Statistics from “Sell in May and Go Away” include:


  • October had the three worst trading days in stock market history, two of which happened during the crash of 1929 and the other on Black Monday in 1987.
  • Between 1990 and 2022, the S&P 500 returned an average of 2% from May through October and 7% from November through April.
  • According to a 1998 research published on SSRN, from 1970 to 1998, 36 out of 37 established and developing market economies followed the selling in May and stayed away until the October rule.
  • According to a Financial Analysts Journal article from 2013, selling in May continued to occur between 1998 and 2012.
  • It is especially noteworthy in light of the rapid trend reversal in 2020, when the price of the S&P 500 index increased by 46 percent from March 23 to November 1, 2020, that the period from 2013 to the present has not been as steady.

Stock Market Summer Slump

The term “summer slump” in the stock market describes a seasonal fall in trading activity over the course of the summer, which can occasionally result in a low-volume, low-return situation. The “sell in May and go away” adage, which predicts lower average returns for equities between May 1 and October 31, compared to November 1 through April 30, is consistent with this seasonal tendency.

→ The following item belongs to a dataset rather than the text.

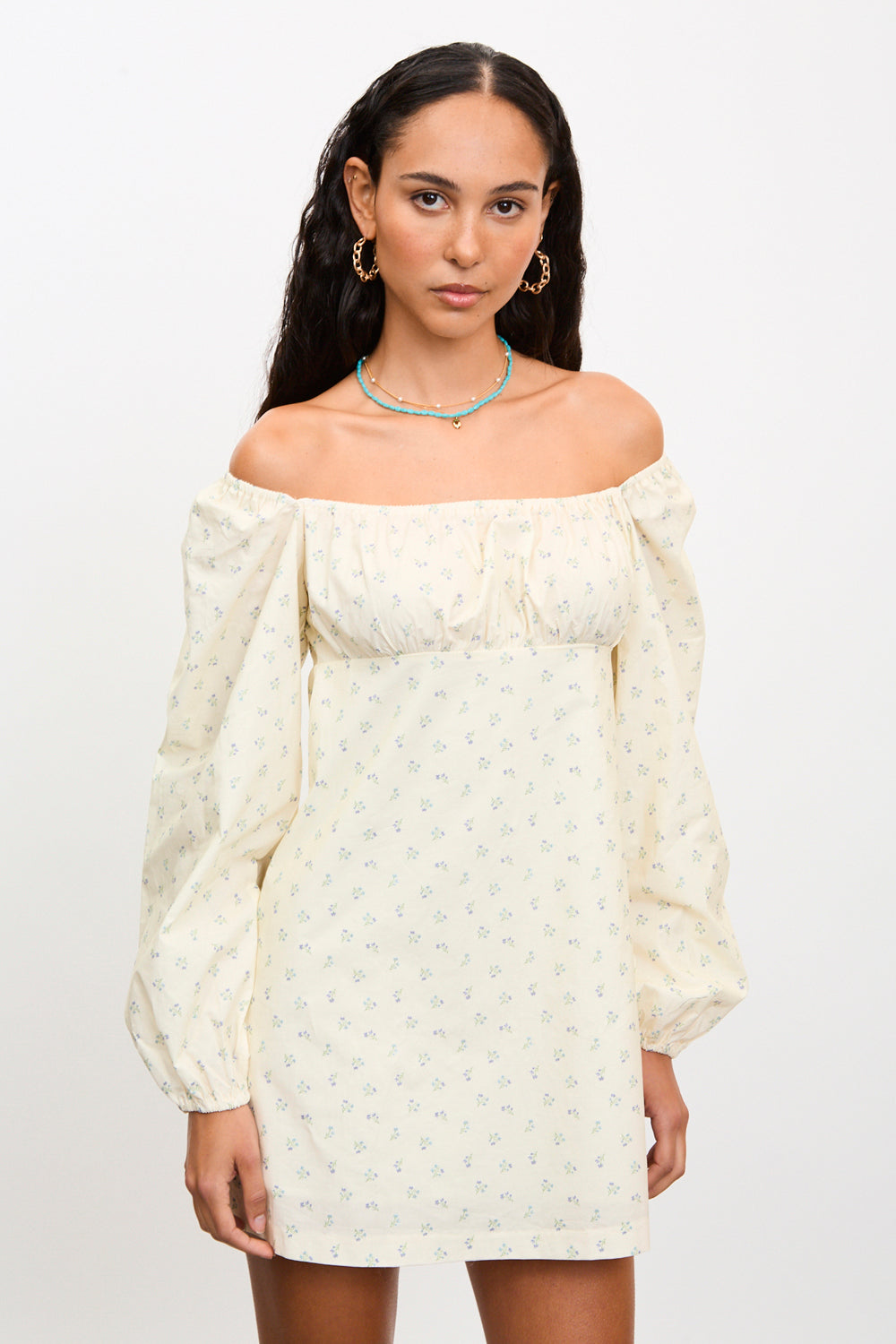 Cream and blue ditsy floral mini dress_3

‘Buy In October And Sell In May’ Strategy

The Halloween Indicator, a substitute and related tactic to “sell in May and go away,” advises investors to return to the stock market at the end of October, which falls on Halloween. The investor would sell the equities on May 1 after holding them through April to complete the cycle.

Alternative Trends To Follow

Investors would be prudent to avoid using seasonal patterns to time their stock trades because they are unpredictable. Investors would be wise to base their investing selections on their personal investment goals and risk tolerance rather than anticipating that history would repeat itself.

For instance, a long-term investor looking to accumulate money for a retirement date that is more than 10 years away would be sensible to consider the historical average stock market return of about 10%. A short-term investor, on the other hand, may utilize a swing trading technique to capture a portion of an anticipated price shift within a few days or weeks as opposed to bigger returns over longer time frames. These two are only a few


Is ‘Sell In May’ A Good Strategy?

Although the “sell in May” approach has occasionally been successful, it is typically not a prudent course of action, particularly for investors with a long-term time horizon. Long-term investors have a proverb that goes, “Time in the market beats timing the market.” This is due to the fact that some of the biggest one-day increases in stock prices occur after the biggest drops.